Telecoms & IT

Minority Report

Chinese to use AI against terror

Chinese security officials attempt to prevent acts of terror before they happen utilizing Artificial Intelligence.

Chinese Go players Chen Yaoye, Shi Yue, Mi Yuting, Tang Weixing, and Zhou Ruiyang react during the match where they form a team of five against Google’s artificial intelligence program AlphaGo, at the Future of Go Summit in Wuzhen, Zhejiang province, China, May 26, 2017

Artificial Intelligence (AI), the holy grail of computer programming and potentially the beginning of the end of the age of men, has made considerable strides in recent years.

In China last week, Meng Jianzhu, the head of the Central Commission for Political and Legal Affairs of the Communist Party of China, stated that the government intends to use AI to proactively counteract terrorist plans and stop them before they take place.

By monitoring the avalanche of data that the internet provides, the Chinese security apparatus is trying to devise a system that can automatically identify potential terror threats, basing it on a pattern recognition model structured on data recorded from previous terror attacks.

The software will be able to learn, adapt, and model potential threats to suggest the best course of action for authorities under certain conditions.

The Chinese government is in a particularly advantageous position in this field, being able to draw on a vast pool of data taken from its millions of citizens.

The main reason for this is that there are virtually no data protection laws there.

Xinjiang, China’s Western province bordering Mongolia, Tajikistan, Kazakhstan, Kyrgyzstan, and Pakistan, is seen by the regime as the best candidate for testing the system.

Home to a majority Muslim Uyghur population, who are discriminated against by the officially atheist Chinese administration, the region has also served as the base of various terrorist organizations over recent decades.
The infrastructure for directly monitoring citizens’ data is already firmly in place; in July 2017, authorities mandated that everyone in the region using Android mobile phones install an app called CleanWebGuard.

This innocuous-sounding application allows the government to scrutinize users’ phones for terrorism-related content, including audio, video, religious content, images, e-books, or documents, and to delete any documents considered subversive.
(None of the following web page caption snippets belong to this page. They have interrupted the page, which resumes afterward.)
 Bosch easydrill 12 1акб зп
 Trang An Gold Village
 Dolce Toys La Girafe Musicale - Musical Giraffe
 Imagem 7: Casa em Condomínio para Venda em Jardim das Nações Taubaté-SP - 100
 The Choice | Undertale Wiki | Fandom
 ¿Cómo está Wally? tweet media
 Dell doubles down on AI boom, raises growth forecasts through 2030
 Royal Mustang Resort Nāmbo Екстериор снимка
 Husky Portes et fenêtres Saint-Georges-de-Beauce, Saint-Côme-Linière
It also allows authorities to track the geographic position of any user in possession of such content.

The use of the app is mandated by law.

Elsewhere, in the city of Shanghai, facial recognition technology is reportedly already in use in traffic camera streams to identify citizens caught on camera committing violations of traffic law. According to Meng Jianzhu, efforts are in place to integrate the country’s entire surveillance infrastructure data streams and to use that information to counter criminal activity.

Money will not be an issue either, as the State Council recently announced a state budget of 150 billion yuan (USD22.8 billion) to be used in the development of AI technologies by 2020, and 400 billion yuan by 2025.
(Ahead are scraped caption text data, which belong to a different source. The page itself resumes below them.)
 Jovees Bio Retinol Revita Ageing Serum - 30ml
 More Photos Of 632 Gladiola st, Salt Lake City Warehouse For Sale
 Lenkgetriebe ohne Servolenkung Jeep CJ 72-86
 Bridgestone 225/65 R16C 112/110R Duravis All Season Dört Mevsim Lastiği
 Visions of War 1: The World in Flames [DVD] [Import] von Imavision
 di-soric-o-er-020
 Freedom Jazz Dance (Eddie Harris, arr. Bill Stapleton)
China is, however, not alone in using AI to fight terror organizations. On the other end of the spectrum, social networks are also working hard to filter through all recorded data to be able to restrict the dissemination of terror propaganda.

In June, Facebook revealed some details about the intricate system it uses to prevent messages supporting terrorist groups from being spread on its platform.

According to “hard questions,” a post signed by Monika Bickert, Director of Global Policy Management, and Brian Fishman, Counterterrorism Policy Manager at Facebook, the company has already been experimenting with AI to allow computers to automatically read, understand, and prevent the publication of content advocating terrorism.

Twitter, LinkedIn, and other platforms are likely to follow these attempts. As life catches up with science fiction at breakneck speed, we can only hope that someone somewhere is not already working on Skynet. The future, it seems, is Nye!